Wherever a picture appears, skip it and retype the rest of the data exactly.

====== Input data ======

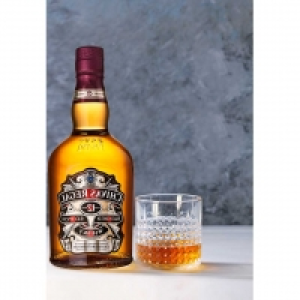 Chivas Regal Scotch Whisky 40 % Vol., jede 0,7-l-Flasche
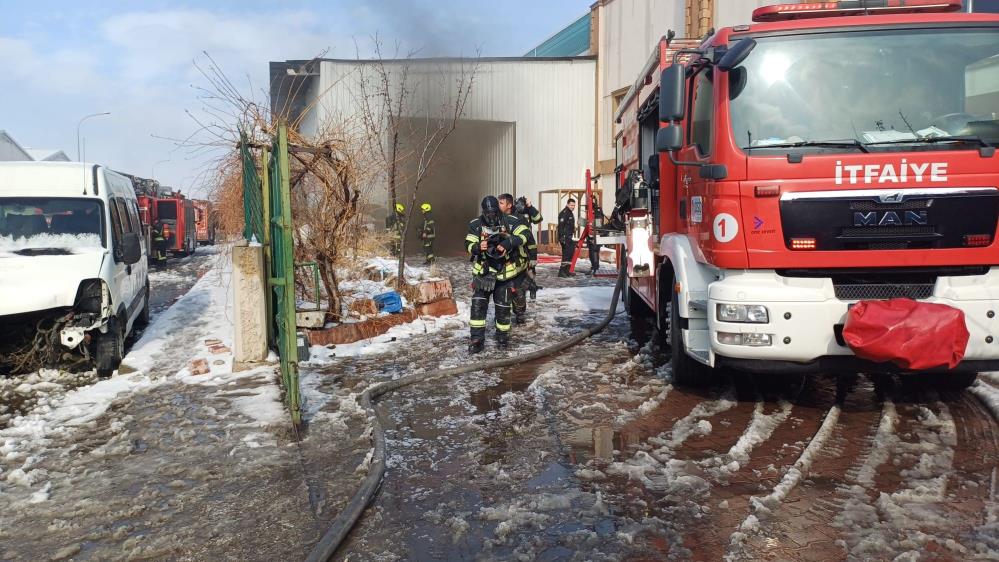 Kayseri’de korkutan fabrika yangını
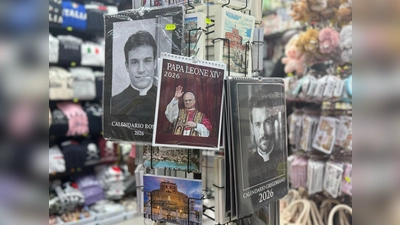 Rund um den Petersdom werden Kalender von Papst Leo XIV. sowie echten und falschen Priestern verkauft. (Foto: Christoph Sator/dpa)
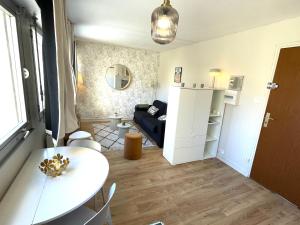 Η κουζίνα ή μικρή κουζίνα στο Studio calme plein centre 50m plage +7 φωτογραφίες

======

• **Answer to this problem**
 Chivas Regal Scotch Whisky 40 % Vol., jede 0,7-l-Flasche
 Kayseri’de korkutan fabrika yangını
 Rund um den Petersdom werden Kalender von Papst Leo XIV. sowie echten und falschen Priestern verkauft. (Foto: Christoph Sator/dpa)
 Η κουζίνα ή μικρή κουζίνα στο Studio calme plein centre 50m plage +7 φωτογραφίες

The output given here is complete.